Home | About | Sematext search-lucene.com search-hadoop.com
 Search Hadoop and all its subprojects:

Switch to Threaded View
HDFS >> mail # dev >> Re: Can I move block data directly?


Copy link to this message
-
Re: Can I move block data directly?
Eitan,

The block to host mapping isn't persisted in the metadata. This is
also the reason why the steps include a restart, which will re-trigger
a block report (and avoid gotchas) that will update the NN of the new
listing at each DN. Thats what makes this method "crude" at the same
time - you're leveraging a behavior thats not guaranteed to be
unchanged in future.

The balancer is the right way to go about it.

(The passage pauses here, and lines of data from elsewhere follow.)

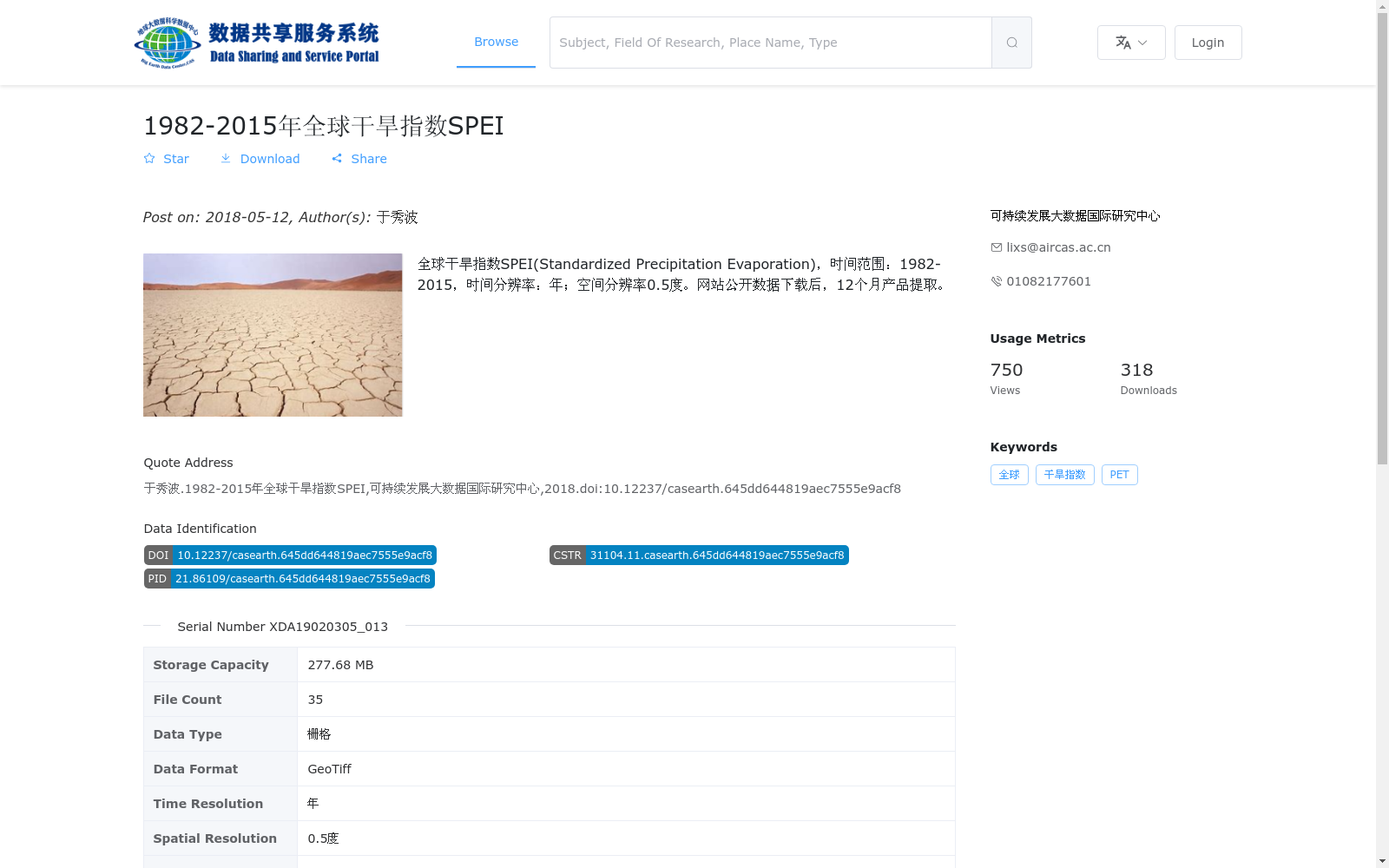 main_image_url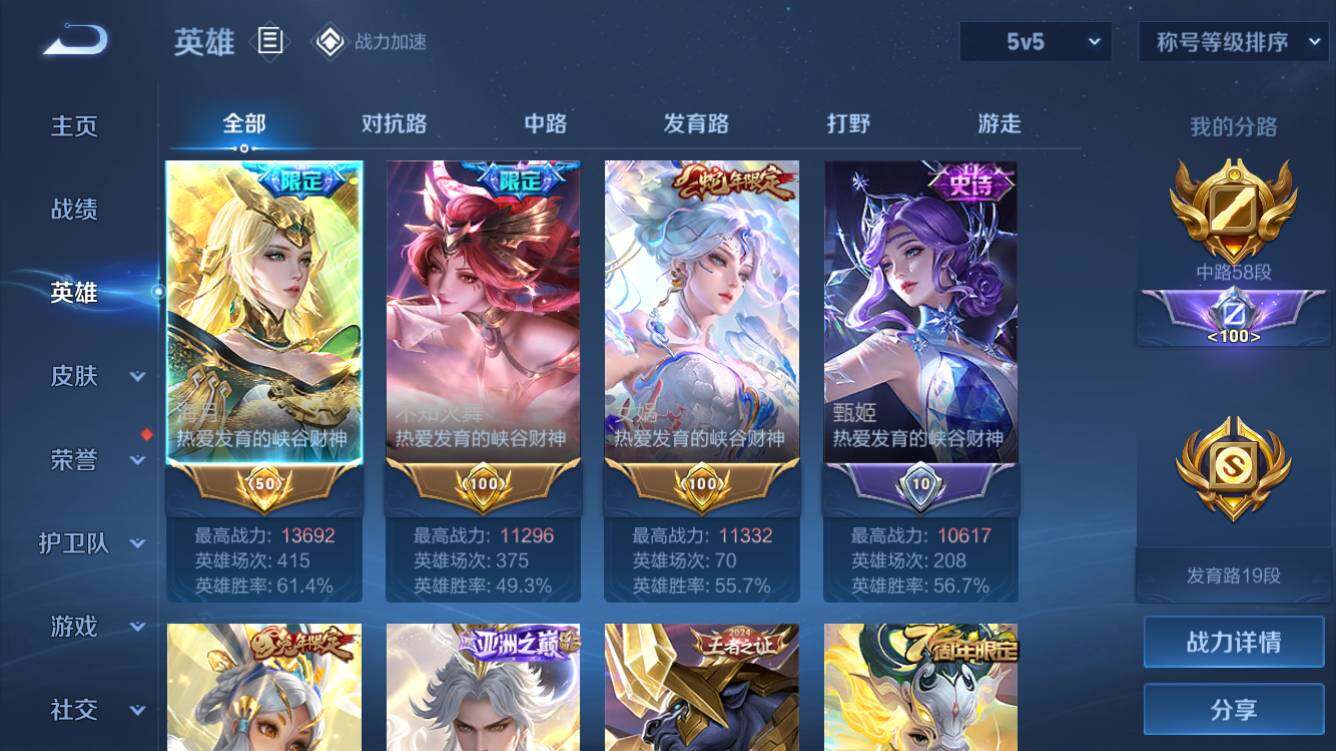 WZQM3166400王者荣耀账号详情图2 WZQM3166400王者荣耀账号详情图2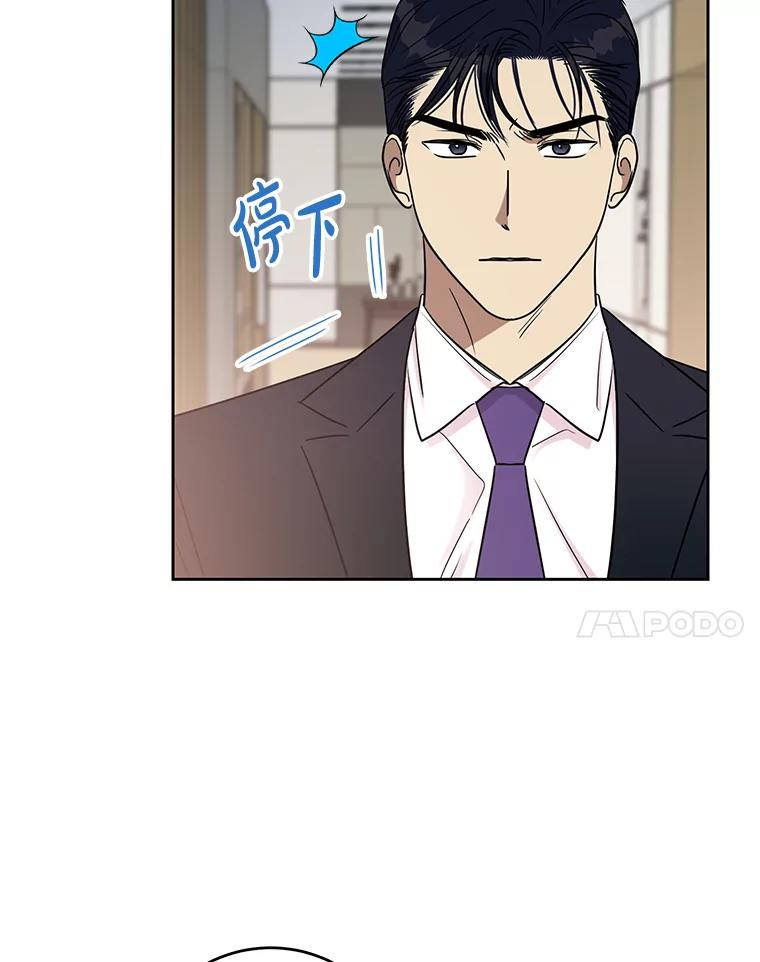 《热恋教学》21.争吵 第98页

On Mon, Jul 8, 2013 at 6:53 PM, Eitan Rosenfeld <[EMAIL PROTECTED]> wrote:
> Hi Azurry, I'd also like to be able to manually move blocks.
>
> One piece that is missing in your current approach is updating any
> block mappings that the cluster relies on.
> The namenode has a mapping of blocks to datanodes, and the datanode
> has, as the comments say, a "block -> stream of bytes" mapping.
>
> As I understand it, the namenode's mappings have to be updated to
> reflect the new block locations.
> The datanode might not need intervention, I'm not sure.
>
> Can anyone else chime in on those areas?
>
> The balancer that Allan suggested likely demonstrates all of the ins
> and outs in order successfully complete a block transfer.
> Thus, the balancer is where I'll begin my efforts to learn how to
> manually move blocks.
>
> Any other pointers would be helpful.
>
> Thank you,
> Eitan
>
> On Mon, Jul 8, 2013 at 2:15 PM, Allan <[EMAIL PROTECTED]> wrote:
>> If the imbalance is across data nodes then you need to run the balancer.
>>
>> Sent from my iPad
>>
>> On Jul 8, 2013, at 1:15 AM, Azuryy Yu <[EMAIL PROTECTED]> wrote:
>>
>>> Hi Dear all,
>>>
>>> There are some unbalanced data nodes in my cluster, some nodes reached more
>>> than 95% disk usage.
>>>
>>> so Can I move some block data from one node to another node directly?
>>>
>>> such as: from n1 to n2:
>>>
>>> 1) scp /data/xxxx/blk_*   n2:/data/subdir11/
>>> 2) rm -rf data/xxxx/blk_*
>>> 3) hadoop-dameon.sh stop datanode (on n1)
>>> 4) hadoop-damon.sh start datanode(on n1)
>>> 5) hadoop-dameon.sh stop datanode (on n2)
>>> 6) hadoop-damon.sh start datanode(on n2)
>>>
>>> Am I right? Thanks for any inputs.

--
Harsh J